# What is expected
Leave out the pictures and copy everything else in the records exactly.

────────────────────────────────────────

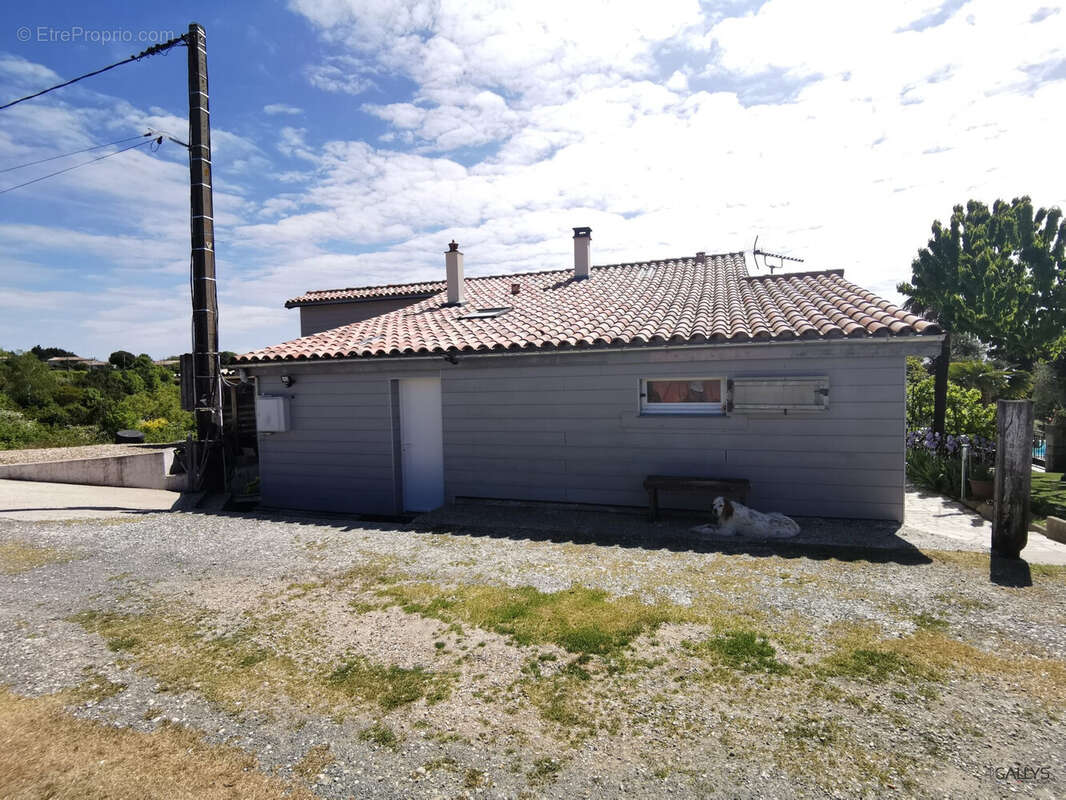 Maison à CHENAC-SAINT-SEURIN-D'UZET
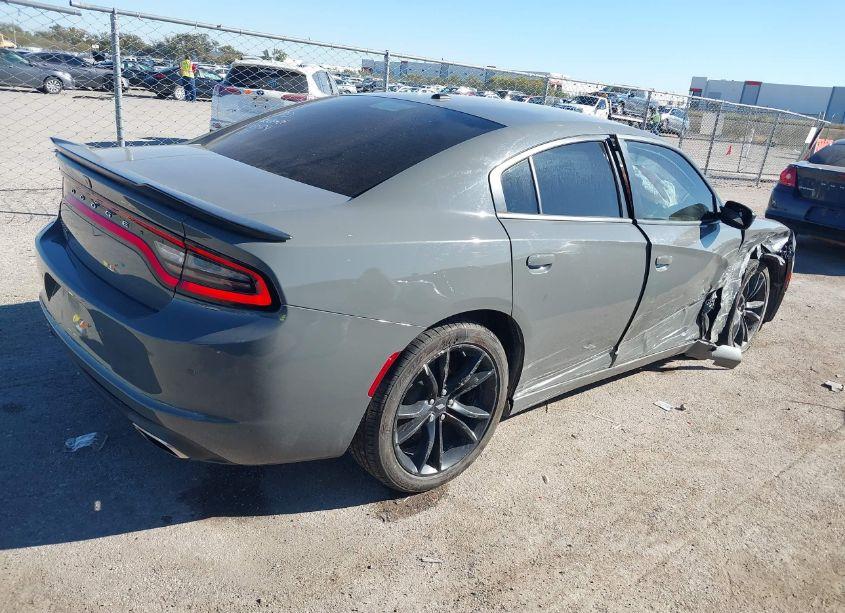 Photo 4 of 2018 Dodge Charger SXT RWD (VIN 2C3CDXBGXJH329021)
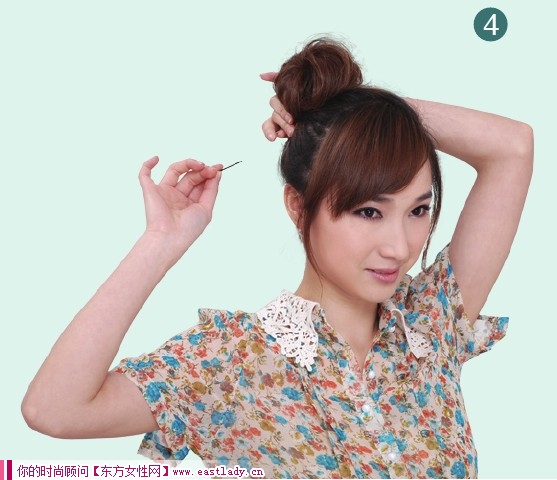 DIY蜈蚣辫的编法图解  呈现饱满耀眼的感觉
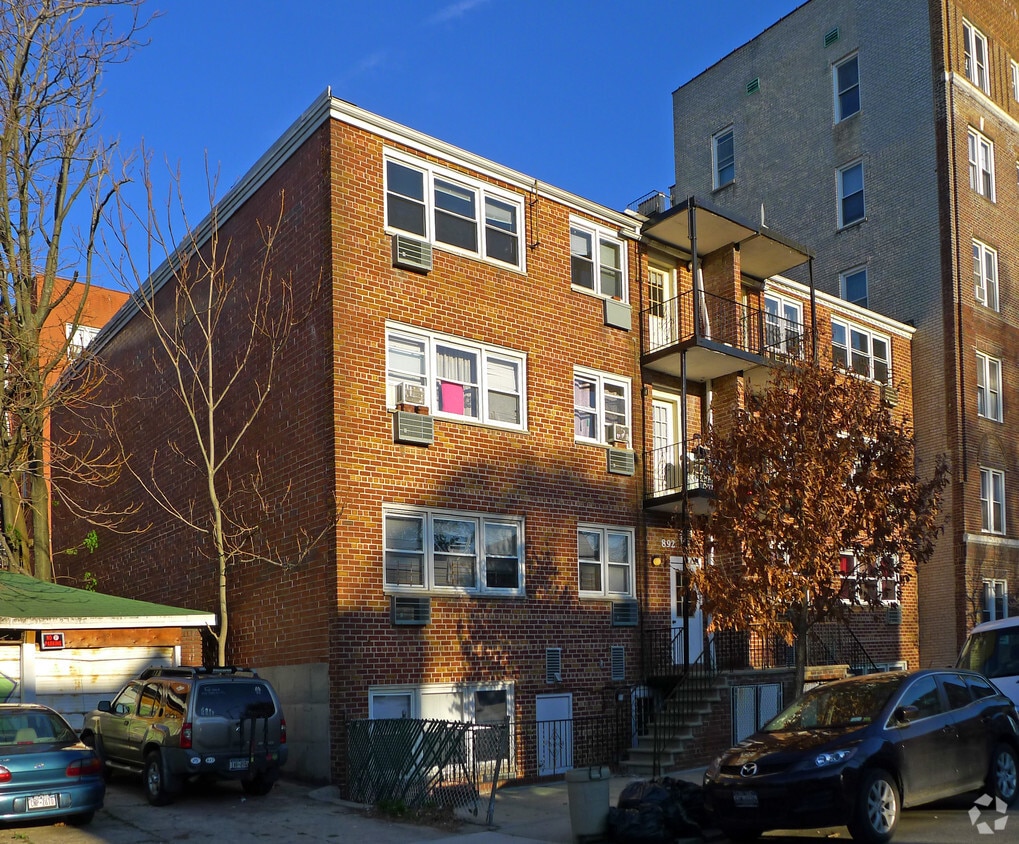 Primary Photo - 892 E 7th St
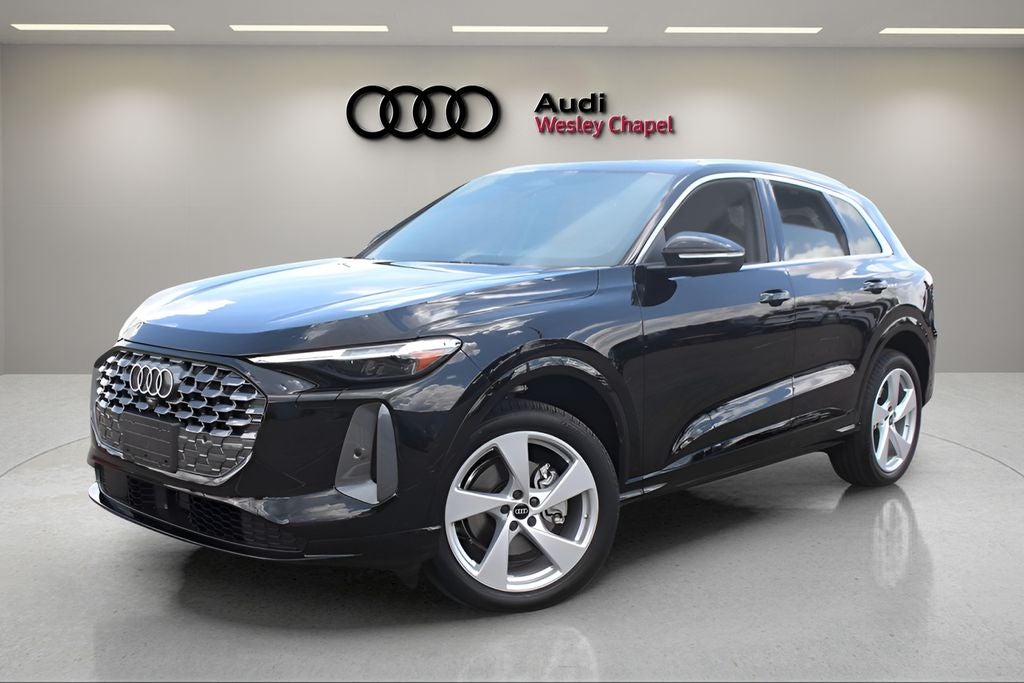 2025 Audi Q5 2.0T Premium Plus quattro in Mythos Black Metallic — front three-quarter view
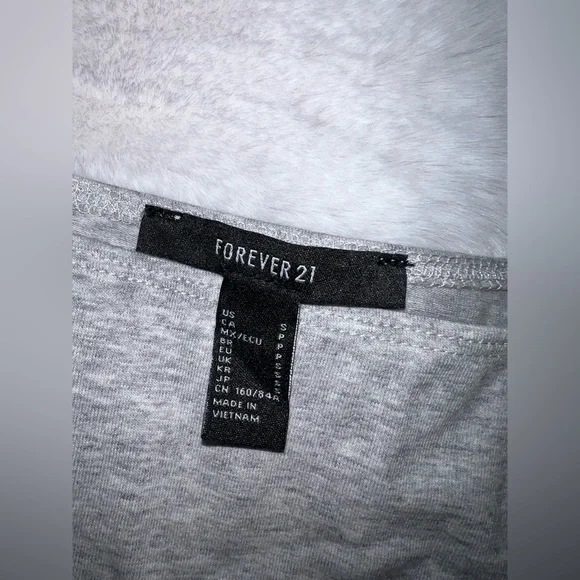 4/$10 Bundle Sale: NWOT Forever 21 Off Shoulder Short Sleeve Bodysuit - Picture 2 of 4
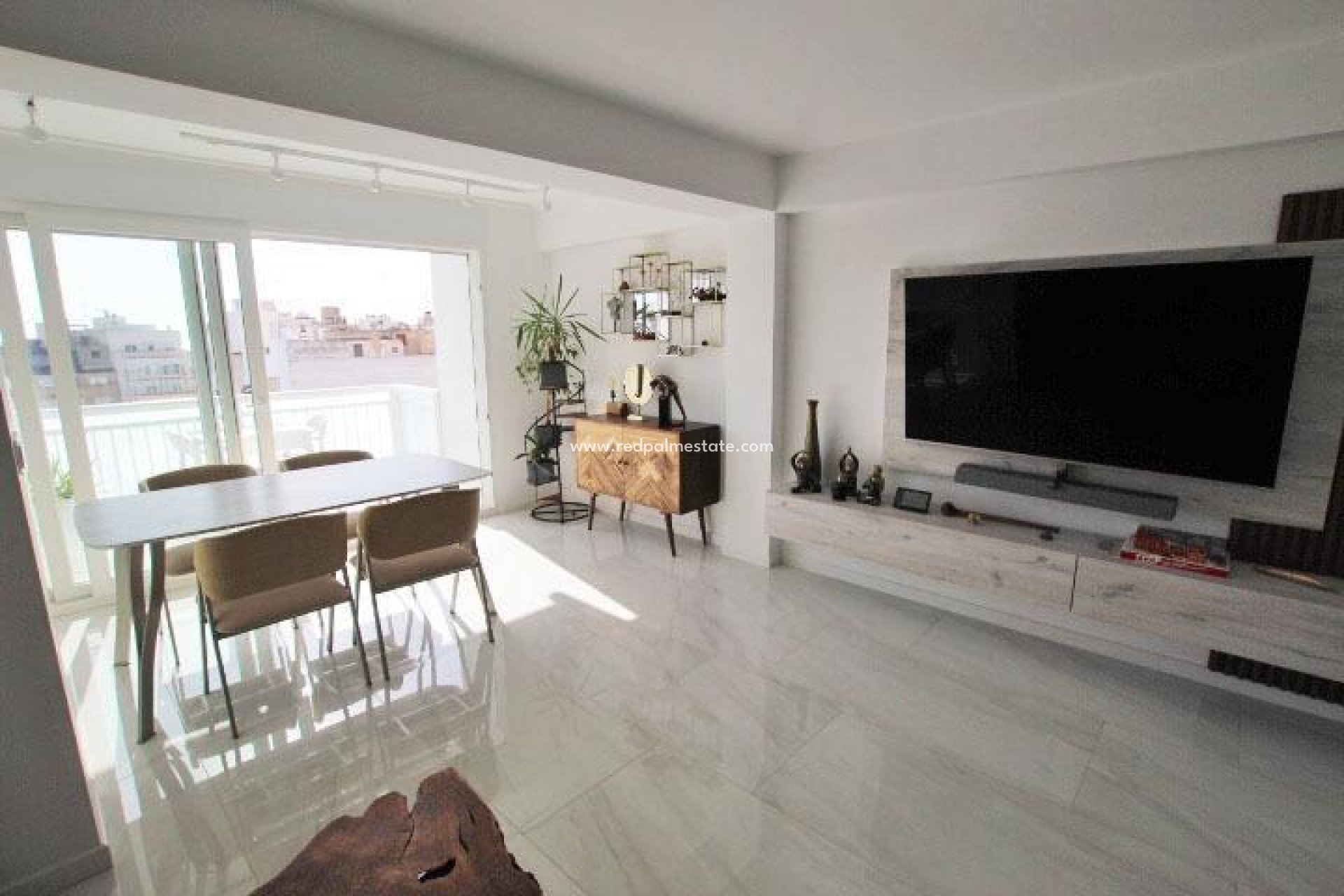 Resale - Apartments -
Torrevieja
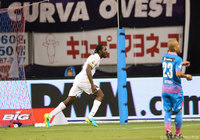 4試合ぶりのゴールを決めたピーター ウタカ（広島） 【明治安田Ｊ１ 2nd 第12節 鳥栖vs広島】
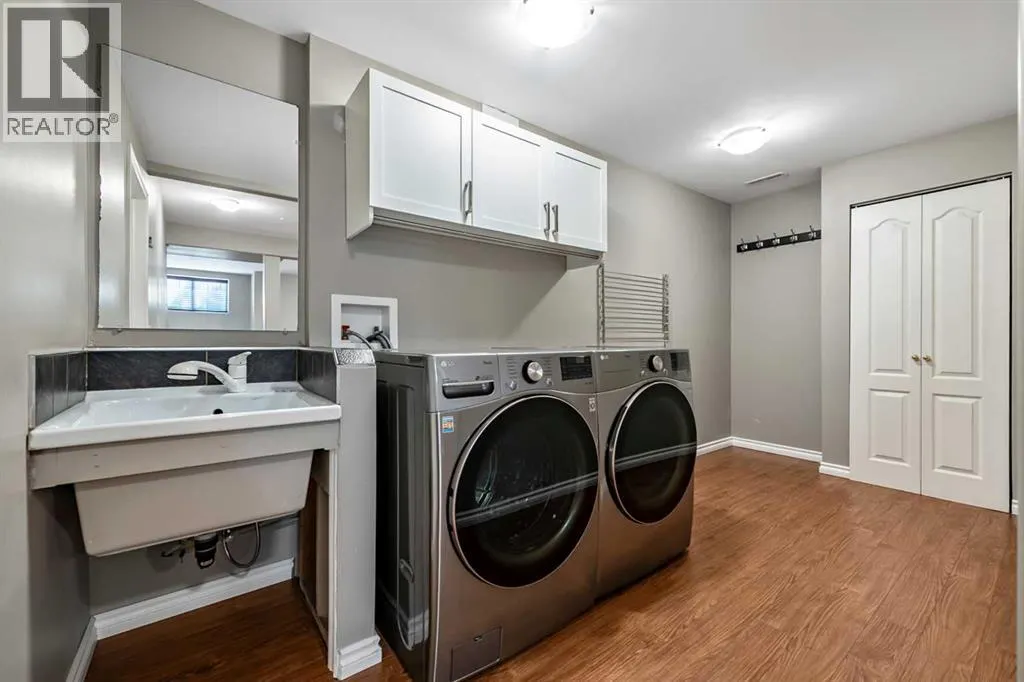 29 Mahogany View SE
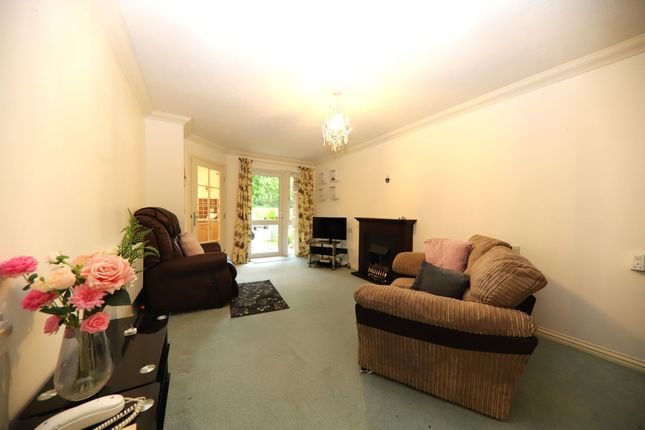 Flat 2, Middlemarch Lodge, Rickmansworth photo 2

────────────────────────────────────────

# Written response
 Maison à CHENAC-SAINT-SEURIN-D'UZET
 Photo 4 of 2018 Dodge Charger SXT RWD (VIN 2C3CDXBGXJH329021)
 DIY蜈蚣辫的编法图解  呈现饱满耀眼的感觉
 Primary Photo - 892 E 7th St
 2025 Audi Q5 2.0T Premium Plus quattro in Mythos Black Metallic — front three-quarter view
 4/$10 Bundle Sale: NWOT Forever 21 Off Shoulder Short Sleeve Bodysuit - Picture 2 of 4
 Resale - Apartments -
Torrevieja
 4試合ぶりのゴールを決めたピーター ウタカ（広島） 【明治安田Ｊ１ 2nd 第12節 鳥栖vs広島】
 29 Mahogany View SE
 Flat 2, Middlemarch Lodge, Rickmansworth photo 2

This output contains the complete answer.